Merkwürdig, denkt der harmoniebedürftige Deutsche: Bis vor wenigen Stunden war vom dramatischsten Finish der Weltgeschichte die Rede. Die Kontrahenten droschen aufeinander ein, als gäbe es kein Morgen. Beobachter waren schon froh über Halbwahrheiten. Meistens lag der Substanzgehalt der Parolen deutlich niedriger.

Und jetzt? Gratuliert der Unterlegene artig. Und der Sieger, dessen Wahlkampagne von einiger Schmuddeligkeit geprägt war, tremoliert in bewährtem Pathos von - Einheit, Miteinander, Gemeinsamkeit. Drama, Musical, medialer Blutrausch - alles vergessen, Blick nach vorn. Dit is Amerika.

Ab sofort tickt die Uhr für die zweite Halbzeit. Vier Jahre sind nicht viel, will Barack Obama seinen Traum wahr machen und ein großer Präsident werden. Warme Veränderungsrhetorik reicht da nicht, der wir Deutsche so gern glauben. Wir finden ja auch, dass Tom Hanks der wichtigste TV-Kritiker der Welt ist. Wir denken, dass man Drohnen und Menschenrechte nicht zusammenbekommt, dass Klimawandel im Weißen Haus wichtiger sei als günstige Energie.

Obama ist wiedergewählt worden, nicht obwohl, sondern weil er manchen großen Linien der US-Politik treu geblieben ist, weil er eben nicht den totalen Change versucht hat. Er hat immerhin zwei Kriege beendet, eine historische Gesundheitsreform durchgesetzt und im Moment des Hurrikans seine Krisentauglichkeit bewiesen - diese Politik hat der Wähler klarer als erwartet legitimiert.

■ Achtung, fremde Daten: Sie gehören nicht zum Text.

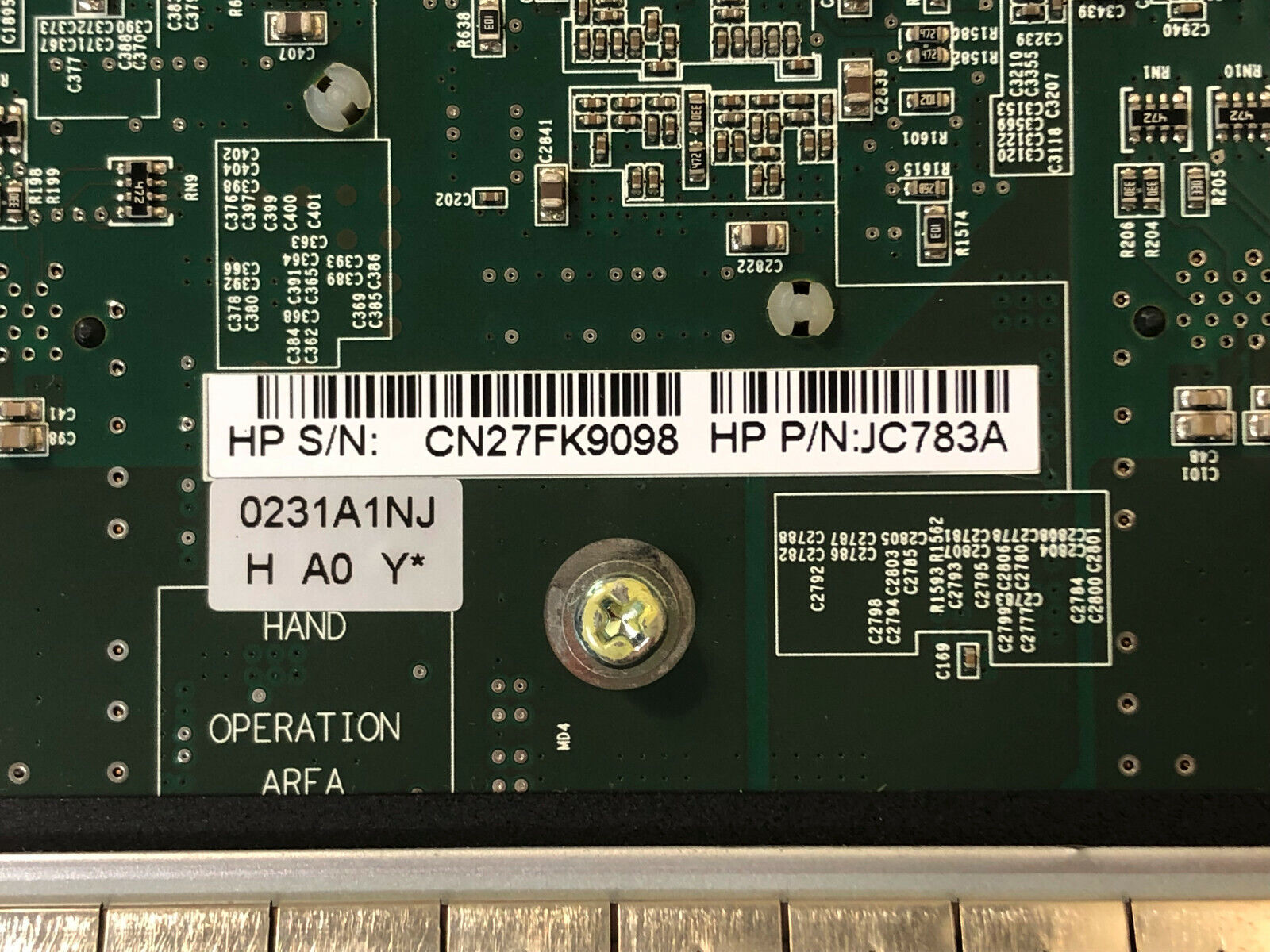 HP JC783A 12500 A12500 16-Port 10GbE SFP + LEC Expansion Slot Module.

Ab sofort aber steht die eigentliche Aufgabe an. "It's the economy, stupid" hieß das Motto von Bill Clinton und gilt umso mehr für Obama: Die Wirtschaft muss brummen. Mit dem digitalen Feuerwerk im Silicon Valley ist es nicht getan. Woher soll gute Arbeit kommen, wenn Automobil, Banken und Export schwächeln? Zugleich dürften die fettesten Jahre der Rüstungsindustrie vorbei sein.

Wohlstand aber ist die Bedingung für alles, was den amerikanischen Traum ausmacht. Es muss nicht allen sofort spürbar besser gehen, aber der allgemeine Glaube muss wieder geweckt werden, es könnte schon bald so weit sein. Hoffnung war stets der Motor der USA. Einheit wird die zerfurchte Nation nur über den gemeinsamen Traum vom besseren Morgen zurückgewinnen.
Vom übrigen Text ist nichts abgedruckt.